Previous Chapter	Next Chapter
← Cocoon	XUL →

Learning objectives

Understand the concept of parsing XML files
Use different APIs for processing XML files
Be aware of the differences between different approaches for parsing XML files
Decide when to use a particular technique

In the earlier chapters we were taught how to create XML files in detail. This involved the development of XML documents, Style sheets and Schema and their validation. In this chapter, we will focus on different approaches for parsing XML files and when to use them.

But first, it is time to refresh what we have learned about parsing.

The Process of Parsing XML files

One goal of the XML format was to enhance raw data formats like plain text by including detailed descriptions of the meaning of the content. Now, in order to be able to read XML files, we use a parser which basically exposes the document’s content through a so-called API (application programming interface). In other words, a client application accesses the content of the XML document through an interface, instead of having to interpret the XML code on its own!

Simple Text Parsing

One way to extract data from an XML document is simple text parsing – browsing all characters in the document and check for a desired pattern:

<house>
<value><int>150,000</int></value>
</house>

Let’s say we are interested in the value of the house. Using straight text parsing, we would scan the file for the character sequence <int> and call it the start pattern. Then, we would further scan the document for the end pattern (i.e. </int></value>). Finally, we declare the text string in between these two patterns to be the value of the surrounding <house>...</house> tag.

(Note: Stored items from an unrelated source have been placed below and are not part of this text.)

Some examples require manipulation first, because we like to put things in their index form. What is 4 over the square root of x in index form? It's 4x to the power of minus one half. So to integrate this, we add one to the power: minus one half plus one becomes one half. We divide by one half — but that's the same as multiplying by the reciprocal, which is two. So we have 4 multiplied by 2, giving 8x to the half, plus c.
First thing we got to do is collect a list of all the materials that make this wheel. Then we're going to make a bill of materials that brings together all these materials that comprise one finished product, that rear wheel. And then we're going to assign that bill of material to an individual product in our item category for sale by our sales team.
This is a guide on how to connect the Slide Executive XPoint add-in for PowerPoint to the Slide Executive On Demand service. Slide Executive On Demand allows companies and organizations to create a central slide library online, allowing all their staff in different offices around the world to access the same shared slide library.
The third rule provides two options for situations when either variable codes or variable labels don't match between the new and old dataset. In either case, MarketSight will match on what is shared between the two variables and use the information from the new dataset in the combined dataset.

Why it doesn't work that way

Obviously, this approach is not suitable for extracting information from large and complex XML documents, since we would have to know exactly what the file looks like and where the information needed is located. From a more general point of view, the structure and semantics of an XML file is determined by the makeup of the document, its tags and attributes – hence, we need a device that is able to recognize and understand this structure and can point out any errors in it. Moreover, it has to provide the content of the document through an interface, so that other applications can access it without difficulty. This device is known as an XML parser.

What a parser does

Almost all programs that need to process XML documents use an XML parser to extract the information stored in the XML document in order to avoid any of the difficulties that occur when reading and interpreting raw XML data. The parser usually is a class library (e.g. a set of Java class files) that reads a given document and checks if it is well-formed according to the W3C specification. Then, any client software can use methods of the interface provided by the parser API to access the information the parser retrieved from the XML file.

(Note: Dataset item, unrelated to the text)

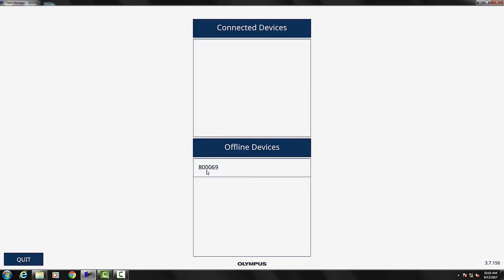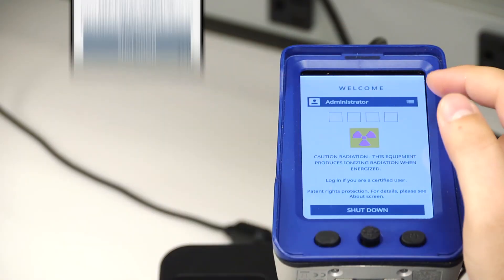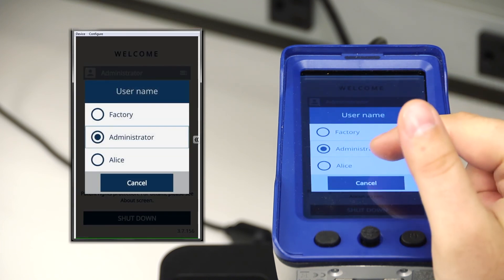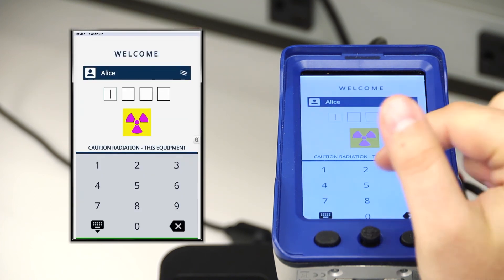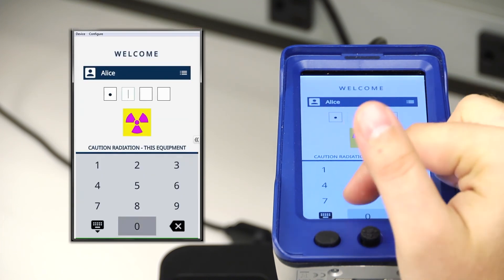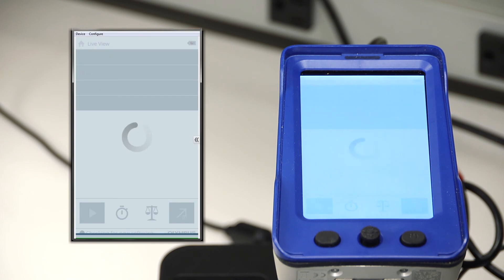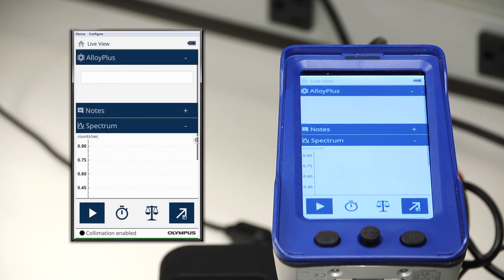Now that we've deployed our new user, we are ready for Alice to log in and start using the Vanta. You can access her login through the login screen in the drop-down menu. Select the option for Alice, log in, and that's it. Alice is ready to go and start using Vanta. That's how easy it is to create a new user profile and deploy it onto your instrument. Thank you.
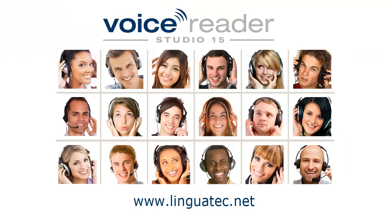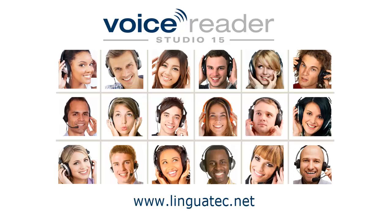You see, you can change pronunciation quickly and easily with Orthographic Transcription in Voice Reader Studio 15. For more information on Voice Reader Studio 15, visit another workshop on our website, www.linguatech.net.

All in all, the parser shields the user from dealing with the complex details of XML like assembling information distributed over several XML files, checking for well-formedness constraints, and so on.

Parsing: an Example

To illustrate more clearly what parsing an XML file really means, the following example was created which contains information about some cities. It also keeps track of who is on vacation and demonstrates the parsing process with the currently most common parsing methods.

Example: cities.xml

<?xml version="1.0" encoding="UTF-8" ?>
<cities>
<city vacation="Sam">
<cityName>Atlanta</cityName>
<cityCountry>USA</cityCountry> 
</city>
<city vacation="David">
<cityName>Sydney</cityName>
<cityCountry>Australia</cityCountry> 
</city>
<city vacation="Pune">
<cityName>Athens</cityName>
<cityCountry>Greece</cityCountry> 
</city>
</cities>

Based on the information stored in this XML document, we can easily check who is on vacation and where. The parser will read the file using one of the various techniques presented later in this chapter.

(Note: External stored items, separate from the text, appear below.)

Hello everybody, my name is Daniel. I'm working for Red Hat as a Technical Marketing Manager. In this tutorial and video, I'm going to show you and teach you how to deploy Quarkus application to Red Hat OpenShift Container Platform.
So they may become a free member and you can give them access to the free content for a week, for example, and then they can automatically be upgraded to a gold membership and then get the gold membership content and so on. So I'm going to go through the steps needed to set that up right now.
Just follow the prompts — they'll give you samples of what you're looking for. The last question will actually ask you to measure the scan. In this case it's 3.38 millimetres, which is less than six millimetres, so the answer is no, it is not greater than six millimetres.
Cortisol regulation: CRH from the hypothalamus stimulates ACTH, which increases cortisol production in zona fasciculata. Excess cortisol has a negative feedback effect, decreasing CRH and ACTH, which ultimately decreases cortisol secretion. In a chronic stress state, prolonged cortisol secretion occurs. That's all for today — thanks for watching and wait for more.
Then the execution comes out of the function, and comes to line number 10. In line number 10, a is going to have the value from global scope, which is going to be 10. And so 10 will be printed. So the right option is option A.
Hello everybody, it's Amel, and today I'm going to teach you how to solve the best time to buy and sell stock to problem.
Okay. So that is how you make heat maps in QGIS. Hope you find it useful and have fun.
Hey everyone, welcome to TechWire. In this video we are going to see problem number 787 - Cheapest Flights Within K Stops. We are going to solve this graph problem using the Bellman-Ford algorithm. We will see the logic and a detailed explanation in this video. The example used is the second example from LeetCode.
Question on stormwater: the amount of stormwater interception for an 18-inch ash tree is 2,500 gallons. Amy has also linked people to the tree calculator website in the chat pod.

This process is very complicated and prone to errors of all kinds. Luckily, we will never have to write code for it, because there are plenty of free, fully-functional parsers on the Web. All we do is download a parser class library and access the XML document through the interface provided by the parser software. With more recent builds of Java, most parsers do not even have to be downloaded. In other words, we use the functions or methods included in the class library for extracting the information.

Basically, a parser reads the XML document and tries to recognize the structure of the file itself while checking for errors. It simply checks for start/end tags, attributes, namespaces, prefixes, and so on. Then, the client software can access the information derived from this structure using methods provided by the parser software (i.e. the interface).

The best way to learn about the functionality of a parser is to actually use them; therefore, the next section demonstrates the different methods of parsing.

Parser APIs (Application Programming Interface)

Overview

There are two “traditional” approaches that dominate the market right now, an event-based push-model as represented by SAX (Simple API for XML) and a tree-based model using the DOM (document object model) approach.

However, there is a movement towards newer approaches and techniques that try to overcome the flaws inherent in these traditional models – an event-based pull-model and a “cursor model”, such as VTD-XML, which allows us to browse the XML document just like in the tree-based approach, but simpler and easier to use.

SAX (Simple API for XML)

Description

The push model, typically the exemplified by SAX (www.saxproject.org) is the “gold standard” of XML parsing, since it is probably the most complete and accurate method so far. The SAX classes provide an interface between the input streams from which XML documents are read and the client software which receives the data made available by the parser. The parser browses through the whole document and fires events every time it recognizes an XML construct (e.g. it recognizes a start tag and fires an event – the client software is notified and can use this information… or not).

Evaluation

The advantage of such a model is that we don’t need to store the whole XML document in memory, since we are only reading one piece of information at a time. If you recall that the XML structure is a set of nodes of various types (like an element node) – parsing the document with a SAX parser means going through each node one at a time. This makes it possible to read even very large XML documents in a memory-efficient way. However, the fact that the parser only provides information about the node currently read also implies that the programmer of the client software is in charge of saving certain information in a separate data structure (e.g. the parents or children of the currently processed node). Moreover, the SAX approach is pretty much read-only, since it is hard to modify the XML structure when we do not have some sort of global view.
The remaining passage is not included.